══ RECORDED DATA ══

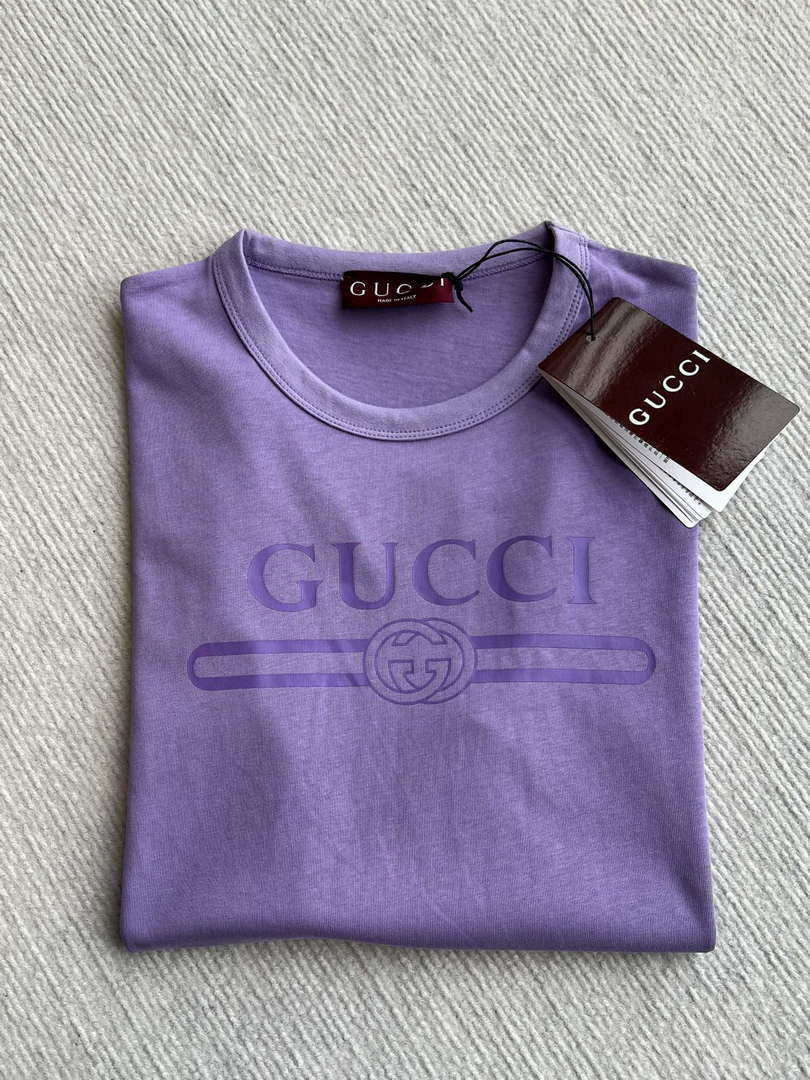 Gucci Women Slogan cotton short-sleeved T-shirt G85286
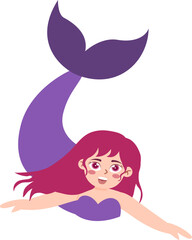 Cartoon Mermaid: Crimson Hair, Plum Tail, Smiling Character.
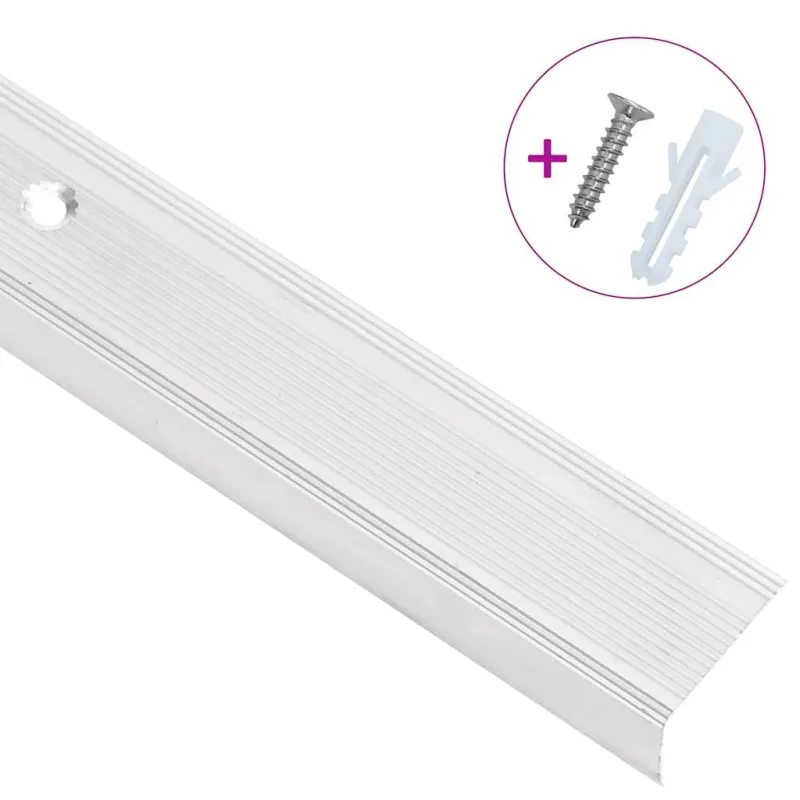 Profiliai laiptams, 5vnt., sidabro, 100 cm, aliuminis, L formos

═══
══ RECORDED DATA ══

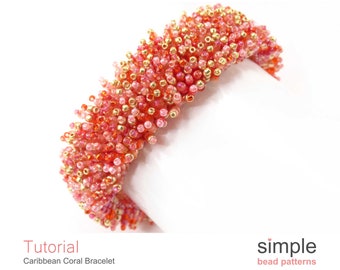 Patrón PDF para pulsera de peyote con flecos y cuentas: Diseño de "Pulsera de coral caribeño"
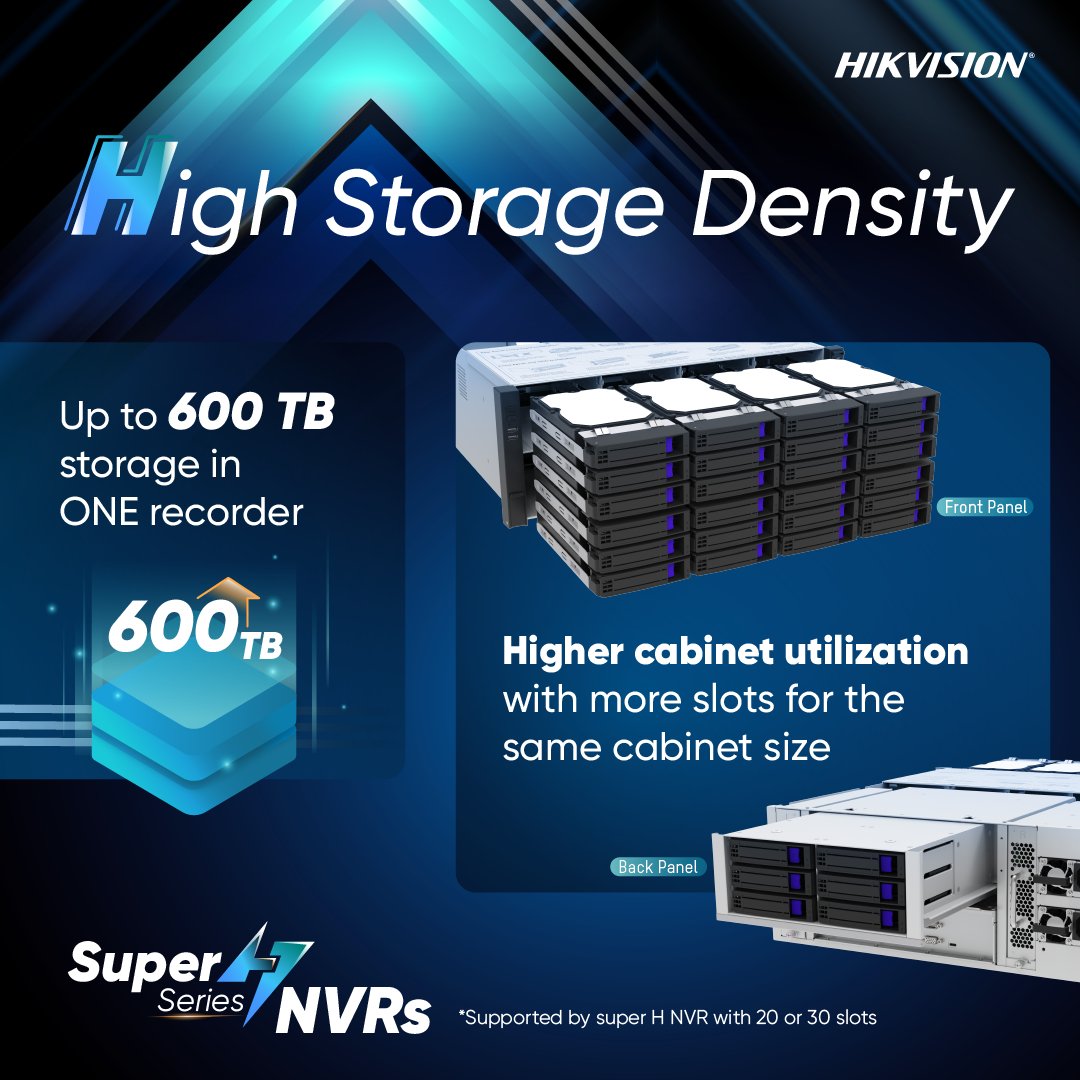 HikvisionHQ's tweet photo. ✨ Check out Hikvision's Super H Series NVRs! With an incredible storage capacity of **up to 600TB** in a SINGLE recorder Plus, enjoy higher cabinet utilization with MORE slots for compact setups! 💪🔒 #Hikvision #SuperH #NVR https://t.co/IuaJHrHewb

═══

(DESCRIPTION OF THE TASK): Only the lines above from the one containing "Gucci Women Slogan" through the one containing "Profiliai laiptams, 5vnt., sidabro, 100" should be returned, verbatim and inclusive, with pictures excluded.

(EXPECTED ANSWER):
 Gucci Women Slogan cotton short-sleeved T-shirt G85286
 Cartoon Mermaid: Crimson Hair, Plum Tail, Smiling Character.
 Profiliai laiptams, 5vnt., sidabro, 100 cm, aliuminis, L formos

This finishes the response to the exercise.